Here at Choklat we don't age it at all, and it's just as good day one out of the refiner as it is having sat on a shelf in a 50lb block for 2 months.
The question at hand is, in part, "Does aging affect chocolate and if so, in what way(s)?"
Are there any discernible changes that take place in your chocolate over the two months? I agree that those changes might be smaller in a large block of 25kg than they would be in a bar of 50 grams, but I have a lot of trouble believing that the two chocolates taste identical.

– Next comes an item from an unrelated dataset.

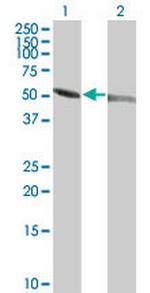 TUBA1 Antibody in Western Blot (WB)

I have personally tasted bars from Friis Holm (made by Bonnat) and bars from Marco Colzani (C|Amaro outside of Milan in Cassago Brianza) where there were profound differences in the chocolates that could be attributed to aging. I tasted a new bar from Bryan Graham at Fruition a couple of weeks ago that was four days out of the conche. It was wildly interesting (the best thing I've tasted from the Maraon beans) but it had a distinct tannic structure and a "green" taste. Bryan gave me two bars and I am looking forward to tasting it anew, in about 2-3 weeks because I know it will be different.
But I do think it may have to do with style. Many chocolate makers like to make chocolates that don't have all the edges rounded off. They leave in acids and tannins because they think the resulting chocolates are more interesting. You don't I can make a pretty good case that your chocolate may change less via aging because of the way you roast and conche.
It is possible to over-age chocolate and in my experience, delicate top notes are the first to go.
They are all different chocolates, one is not necessarily better than another - they appeal to different consumers.
So no, I don't think aging is a gimmick. Letting it "rest" in the conche for 24 hours and attributing some magic benefits to that rest, is.